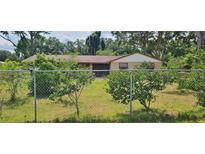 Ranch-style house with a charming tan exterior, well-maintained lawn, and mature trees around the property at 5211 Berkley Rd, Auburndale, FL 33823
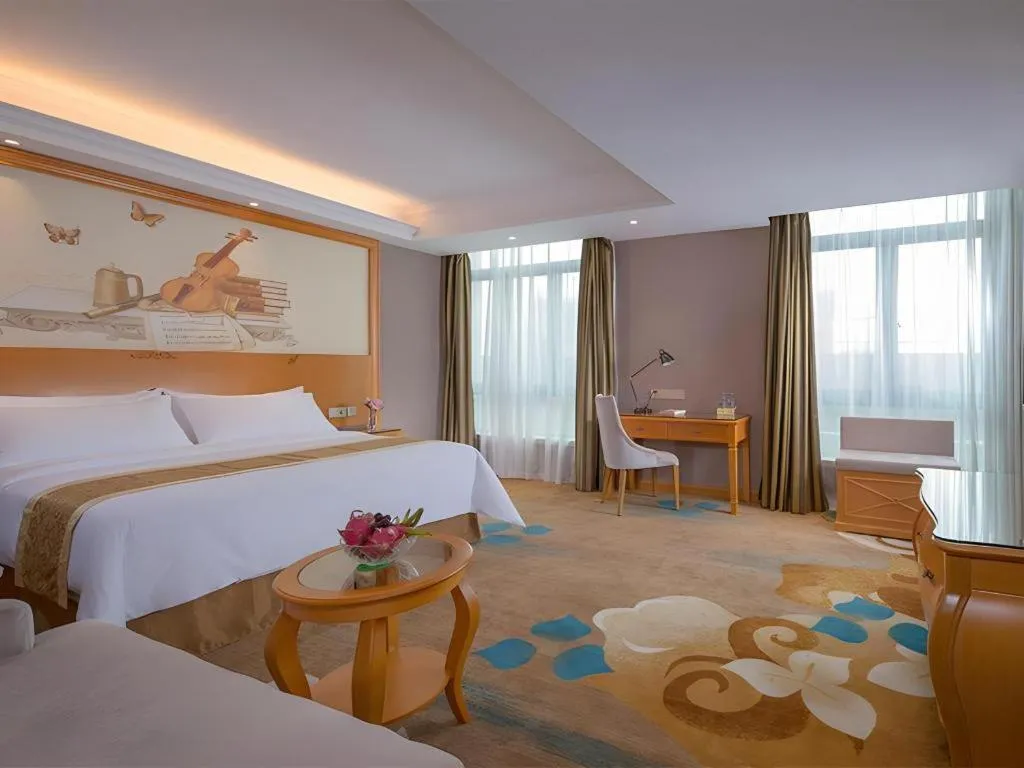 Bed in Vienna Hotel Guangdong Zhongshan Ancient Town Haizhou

--

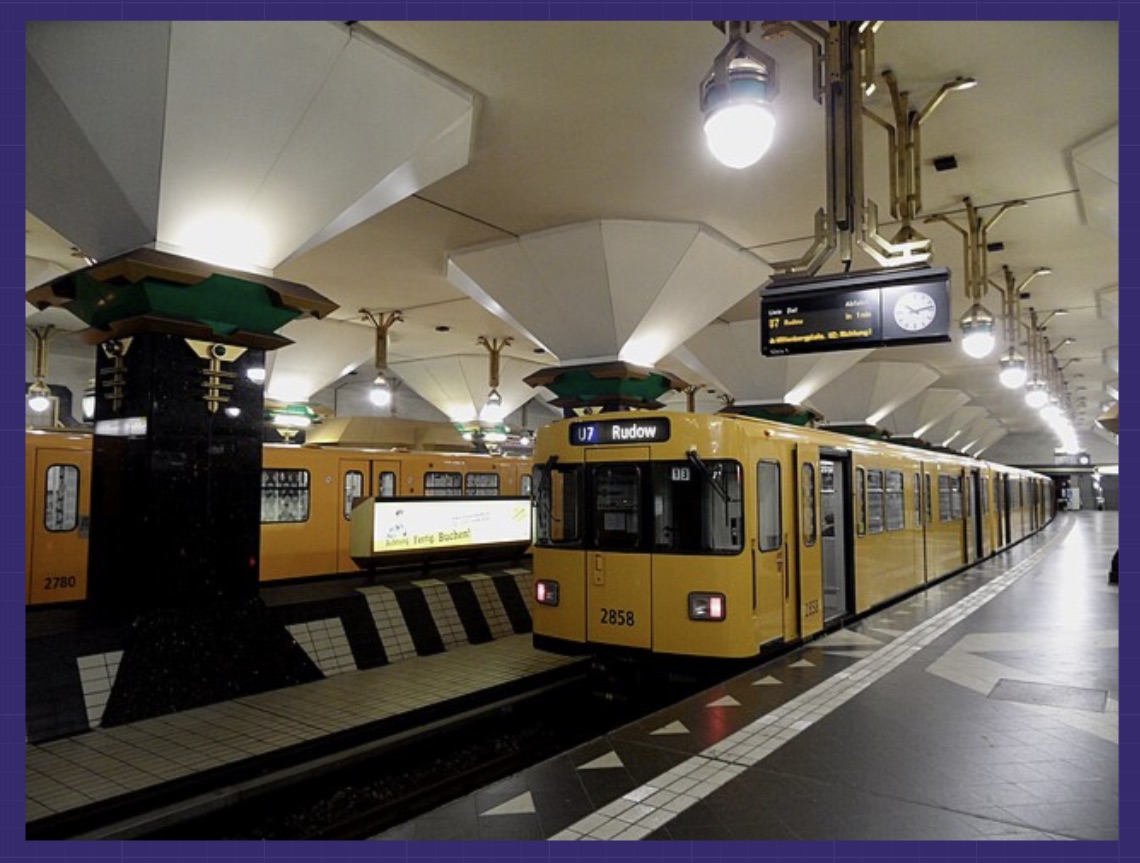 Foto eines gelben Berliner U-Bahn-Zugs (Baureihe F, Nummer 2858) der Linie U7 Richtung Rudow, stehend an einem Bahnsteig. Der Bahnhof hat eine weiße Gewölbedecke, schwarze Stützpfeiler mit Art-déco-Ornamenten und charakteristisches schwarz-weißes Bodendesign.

---

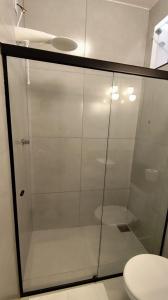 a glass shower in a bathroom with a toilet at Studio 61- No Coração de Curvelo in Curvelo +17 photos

#### [Exercise requirements]
The answer is the lines above from the one with "Ranch-style house with" to the one with "Bed in Vienna", set down exactly, with no pictures.

#### [Response]
 Ranch-style house with a charming tan exterior, well-maintained lawn, and mature trees around the property at 5211 Berkley Rd, Auburndale, FL 33823
 Bed in Vienna Hotel Guangdong Zhongshan Ancient Town Haizhou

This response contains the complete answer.